Data provided:
== Segment start ==
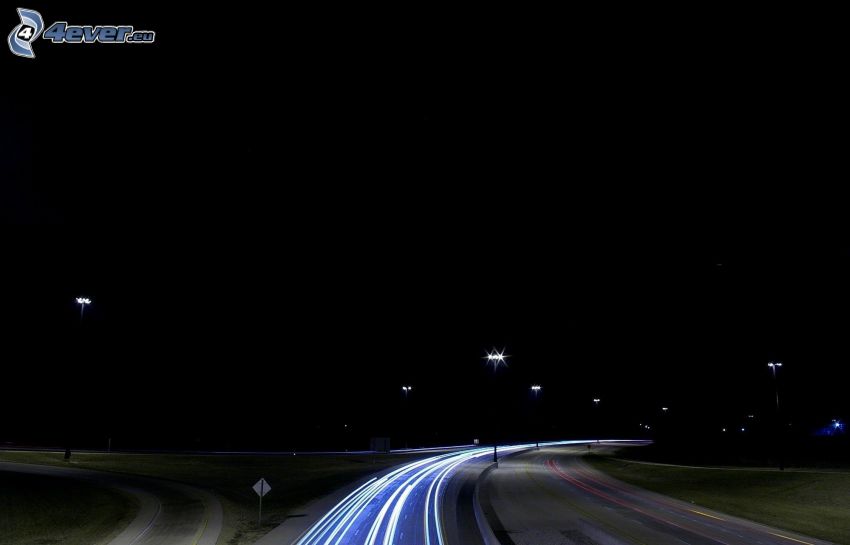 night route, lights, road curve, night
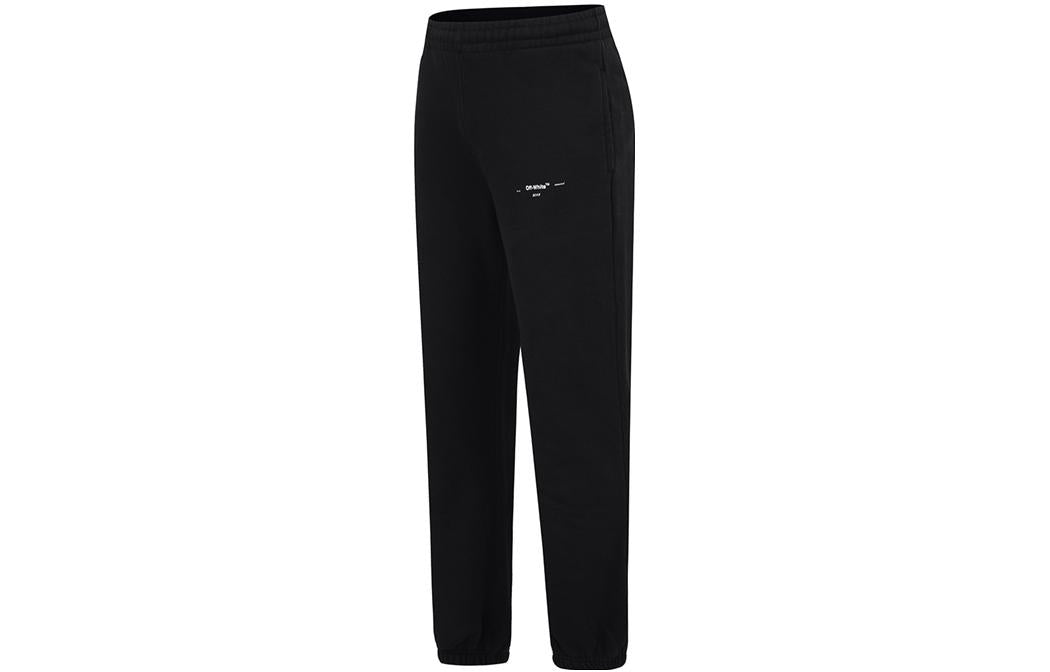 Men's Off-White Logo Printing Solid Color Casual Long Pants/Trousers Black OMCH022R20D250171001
== Segment end ==
== Segment start ==
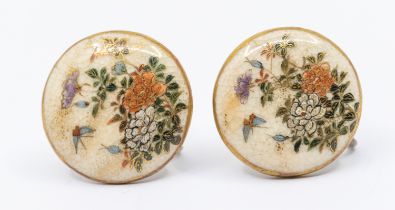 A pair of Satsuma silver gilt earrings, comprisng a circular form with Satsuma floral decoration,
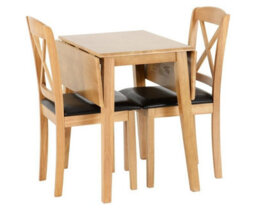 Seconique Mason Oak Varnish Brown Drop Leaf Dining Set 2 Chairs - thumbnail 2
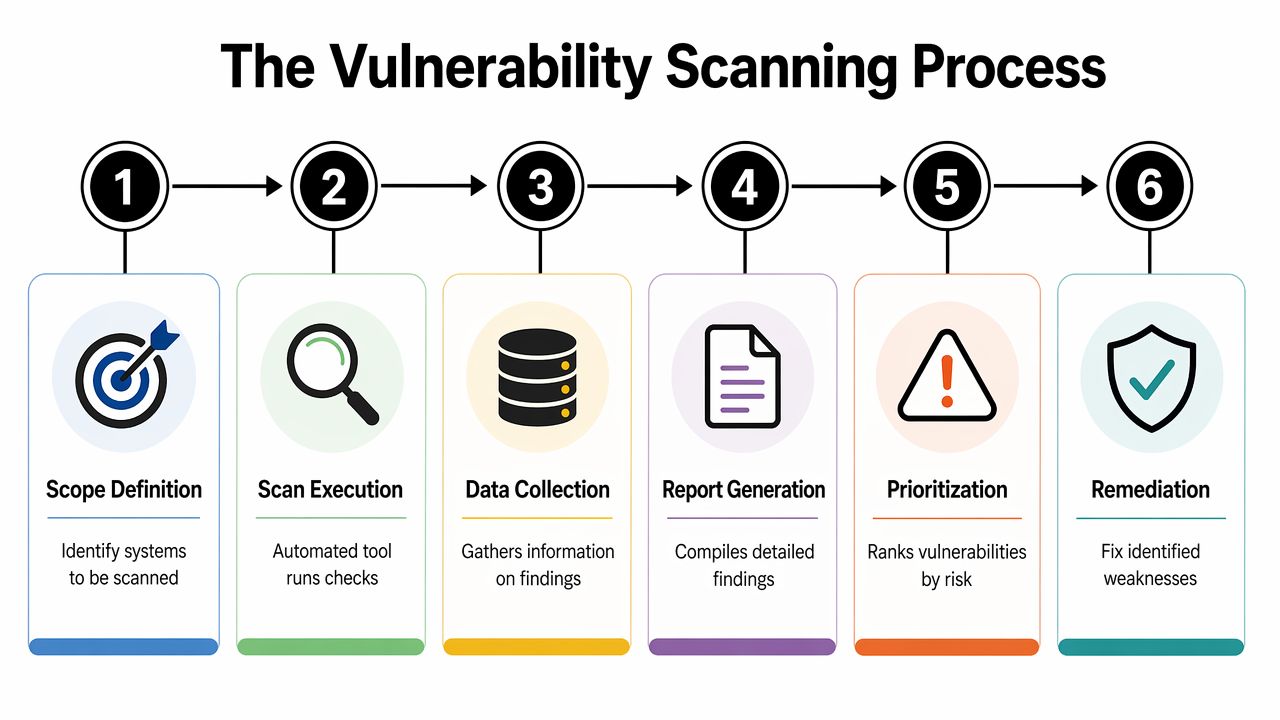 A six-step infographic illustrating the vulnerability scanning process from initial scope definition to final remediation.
== Segment end ==
Work instructions:
Within the entries above, give again exactly the lines starting at the one that contains "Seconique Mason Oak" and ending at the one that contains "A six-step infographic", leaving out the pictures.

Exercise result:
 Seconique Mason Oak Varnish Brown Drop Leaf Dining Set 2 Chairs - thumbnail 2
 A six-step infographic illustrating the vulnerability scanning process from initial scope definition to final remediation.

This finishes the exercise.